Yvonne miró a las dos mujeres sentadas en su bar y se encogió de hombros.

– Es probable que tengas razón, y además, tengo cosas que hacer.

Cogió su vaso y volvió a la oficina.

– Al zumo de tomate invita la casa -dijo al irse.

– Lo siento -dijo Sophie turbada-. Normalmente Yvonne no es muy chismosa, excepto cuando está triste. Y, a juzgar por la sala, no se anuncia una buena noche.

Audrey se quedó en silencio. Dejó el vaso en el mostrador.

– ¿Le pasa algo? -preguntó Sophie-. Está usted pálida.

– Soy yo la que lo siente. Es por el tren. Me he sentido mal durante todo el viaje -dijo Audrey.

Audrey tuvo que sacar fuerzas de flaqueza para no dar muestras del peso que le oprimía el pecho. No se debía a que Yvonne hubiera revelado el motivo por el que Mathias había abandonado París; pero, al oír el nombre de Valentine, se sentía inmersa en una intimidad que no le pertenecía, y la herida había sido dolorosa.
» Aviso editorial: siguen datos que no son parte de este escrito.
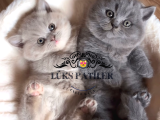 Özel Bebekler Lilac vs Gri British Shorthair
– Debo de tener una pinta horrorosa -comentó Audrey.

– No, ya ha recuperado el buen color -replicó Sophie-. Venga conmigo, vamos a caminar un poco.

Ella la invitó a refrescarse en su trastienda.

– Muy bien, ahora está mucho mejor -dijo Sophie-. Debe de haber un virus en el aire, yo también he sentido náuseas esta mañana.

Audrey no sabía cómo darle las gracias. En ese momento, Mathias entró en la tienda.

– ¿Estás aquí? Te he buscado por todas partes.